A quick survey of the open data portals hosted by organizations such as the World Bank or the United Nations reveals a staged approach towards promoting data use. In the first case, the portal should make data discoverable at the level the user is likely to want it: a particular indicator for a particular country, or set of countries in a particular region or grouping. Secondly, providing a sortable tabular preview of the data allows for quick comparisons to be made over a small dataset. Some portals also include graphical tools or simple analysis tools for visualizing or otherwise working with the data in situ. Third, the site is likely to provide a tool for exporting the selected data in one or more standard formats – simple CSV text files, or popular spreadsheet formats.
The portal may also make data available via an API – a machine readable application programming interface that allows computer software to interrogate and retrieve the data store directly. APIs support two main ways of working: building your own website that republishes the original data after making calls directly to it, or using data analysis tools that “wrap” the API and allow you to pull the data into the analysis tool directly.
Already, these different modes of publishing the data support different sorts of users with different sorts of skills – and different training needs.
The user of the portal’s own tools are faced with portal specific concerns – “what does this indicator actually refer to?”, for example – as well as more generic data skills, such as being able to read a chart. If a picture saves a thousand words, in the case of a chart, what would those thousand words be, and how many of actually spend the time to “read” the equivalent of a thousand words of description from a chart? Even a simple bar chart can be read in many ways, depending on features as simple as how the bars are sorted, or grouped.
This, then, is the first issue we need to address: improving basic levels of literacy in interpreting – and manipulating (for example, sorting and grouping) – simple tables and charts. Sensemaking, in other words: what does the chart you’ve just produced actually say? What story does it tell? And there’s an added benefit that arises from learning to read and critique charts better – it makes you better at creating your own.
Associated with reading stories from data comes the reason for telling the story and putting the data to work. How does “data” help you make a decision, or track the impact of a particular intervention? (Your original question should also have informed the data you searched for in the first place). Here we have a need to develop basic skills in how to actually use data, from finding anomalies to hold publishers to account, to using the data as part of a positive advocacy campaign.
After a quick read, on site, of some of the stories the data might have to tell, there may be a need to do further analysis, or more elaborate visualization work. At this point, a range of technical craft skills often come into play, as well as statistical knowledge.

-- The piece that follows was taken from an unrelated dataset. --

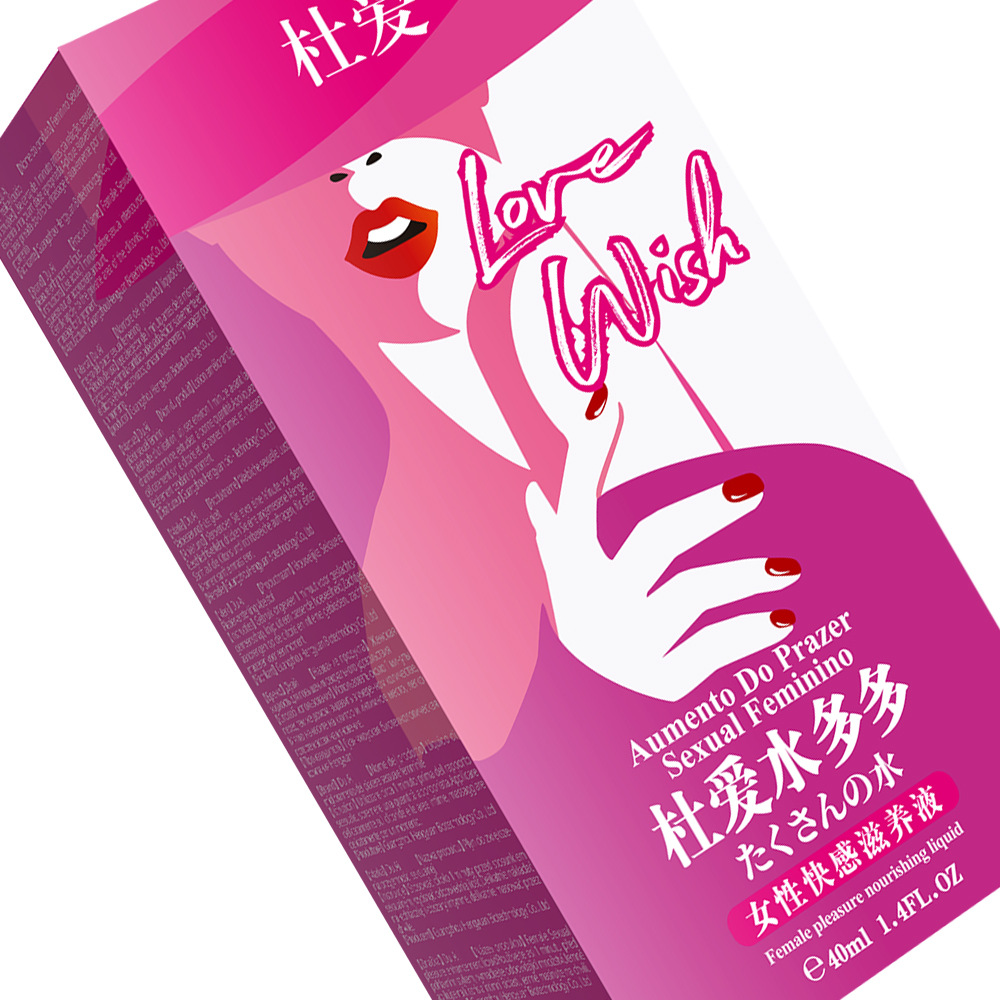 Feminine pleasure lotion Adult sex toys for women Application Scenario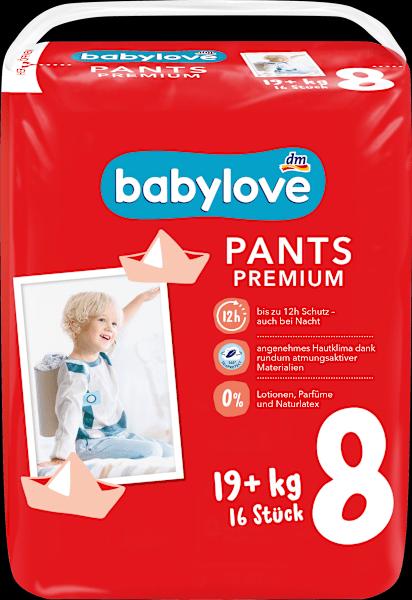Immagine prodotto dm babylove Pantaloni per bambini Premium (Dimensione 8)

Many openly published datasets just aren’t that good – they’re “dirty”, full of misspellings, missing data, things in the wrong place or wrong format, even if the data they do contain is true. A significant amount of time that should be spent analyzing the data gets spent trying to clean the data set and get it into a form where it can be worked with. I would argue here that a data technician, with a wealth of craft knowledge about how to repair what is essentially a broken dataset, can play an important timesaving role here getting data into a state where an analyst can actually start to do their job analyzing the data.
But at the same time, there are a range of tools and techniques that can help the everyday user improve the quality of their data. Many of these tools require an element of programming knowledge, but less than you might at first think. In the Open University/FutureLean MOOC “Learn to Code for Data Analysis” we use an interactive notebook style of computing to show how you can use code literally one line at a time to perform powerful data cleaning, analysis, and visualization operations on a range of open datasets, including data from the World Bank and Comtrade.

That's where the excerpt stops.